Le congrès mondial de la jeunesse

4 août 1933

Mon cher

J’ai réfléchi beaucoup au congrès des Jeunesses et voici ce que j’ai définitivement décidé. Je vous demande de le présenter et de le faire accepter par le comité d’organisation et surtout de bien vouloir faire commencer au plus tôt le travail de propagande. Au reste ce plan de la préparation et de l’ordre du jour du Congrès diffère assez peu de celui que nous avions établi ensemble.

Pour le Congrès lui même, discours d’inauguration fait par moi, ensuite salutations, brève, des organisations, des représentants ouvriers, des personnalités manquantes. Donner une place importante dans ces salutations à une manifestation de fraternisation entre Français et Allemands, entre Chinois et Japonais.

Rapport principal sur la situation de la jeunesse en présence des dangers de guerre et sur ses tâches. Tout bien réfléchi, il vaut mieux que ce rapport ne soit pas de moi, mais de Raymond Guyot. J’enverrai de la documentation qui sera vers le 20 août à Paris.

Il serait très important qu’il y ait une délégation orientale (Chinois et Japonais), j’ai déjà envoyé un article d’un japonais que j’ai rencontré à Londres et que vous devez déjà avoir reçu. D’autre part, il faut télégraphier à notre délégation de Shanghai pour qu’elle s’occupe de cette question et nous fasse parvenir des délégués d’urgence. Je vous prie de bien vouloir envoyer ce télégramme. S’il y a une délégation orientale, il faut envisager un rapport ( de moindre dimension que le rapport principal )

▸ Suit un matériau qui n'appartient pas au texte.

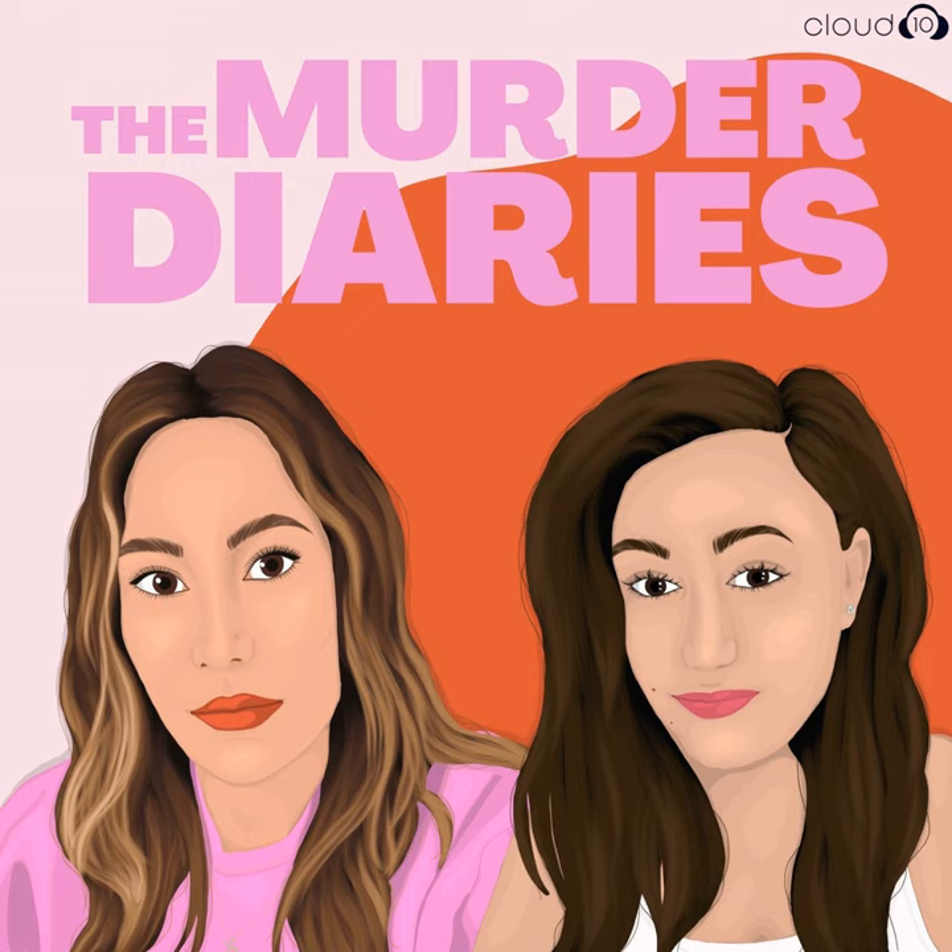And that's where we'll leave this episode for this week. Until our next episode, you know where to find us: at themurderdiariespodcast.com, themurderdiariespod at gmail.com, and themurderdiariespod on Instagram. We also have a TikTok now — go find us there at themurderdiariespod. Until then, stay safe. Bye.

Pour la délégation soviétique, j’ai fait ici une démarche pour qu’on puisse compter sur elle. Ce n’est qu’aujourd’hui que j’ai eu une réponse favorable absolument formelle. Mais il faudrait, je pense, d’urgence, sonder quelques difficultés officielles pour être sûrs qu’il n’y aura pas de difficultés pour l’accès de cette délégation en France. Voulez-vous vous en occuper aussi. La délégation soviétique ferait également un petit rapport sur la situation de la jeunesse soviétique, sur la politique de paix de l’U.R.S.S, etc. ...

Je pense qu’il faut revenir sur la décision que nous avions prise de ne faire désigner qu’un orateur par délégation étrangère. Il y a en effet des couches sociales différentes qui peuvent être représentées dans chaque délégation et il ne faudrait pas, par exemple, qu’un étudiant parle exclusivement au nom de la jeunesse d’un pays mais aussi qu’un jeune ouvrier puisse le faire.

Après la discussion aura lieu le vote d’un Appel du congrès à la jeunesse du Monde pour lequel je vous enverrai un schéma. Indépendamment du vote de cet appel constituant le manifeste et la résolution unique du Congrès, il faudrait cependant envisager une résolution pour la défense des victimes allemandes du fascisme et aussi un salut aux ouvriers et paysans de l’U.R.S.S.

Ensuite aura lieu l’élection de ce Comité Mondial des Jeunesses. L’organisation de ce Comité Mondial, des comités nationaux puis des comités locaux sera faite sur le modèle d’Amsterdam. Mais il est bien entendu que ces comités des Jeunesses, du sommet à la base, seront sections du Mouvement d’Amsterdam.

Au cours du congrès doivent avoir lieu des réunions spéciales comme à Amsterdam: socialistes, étudiants, chimistes, etc ... Si possible, fraternisation des délégués du congrès et des masses des jeunesses parisiennes.

L’idée du serment à Verdun me paraît décidément tout à fait sensationnelle et heureuse, il faudrait trouver moyen d’organiser cela ( peut-être reprendre l’idée moins représentative, mais plus pratique matériellement, émise dans la dernière réunion du comité d’initiative, d’un pèlerinage à Compiègne )

Quant à la durée du congrès, ce sera deux ou trois jours. Nous déciderons ensemble sur place.

Au point de vue de la préparation du congrès, voici quelques idées: 4 numéros d’un journal illustré. Le 1° numéro dont le mot d’ordre serait: « Préparez-vous au congrès » doit paraître le plus tôt possible et contenir un appel du Comité d’Initiative ( à préparer d’ores et déjà ), des appels de moi-même et de Romain Rolland et d’autres écrivains, et des photographies et des textes que je vous enverrai. S’y mettre. Le 2° numéro paraîtra avant le congrès, nous en demanderons la réalisation aux jeunesses de l’U.R.S.S. . 3° numéro pour le jour de l’inauguration du congrès, et le 4° numéro fait par les délégués après le congrès.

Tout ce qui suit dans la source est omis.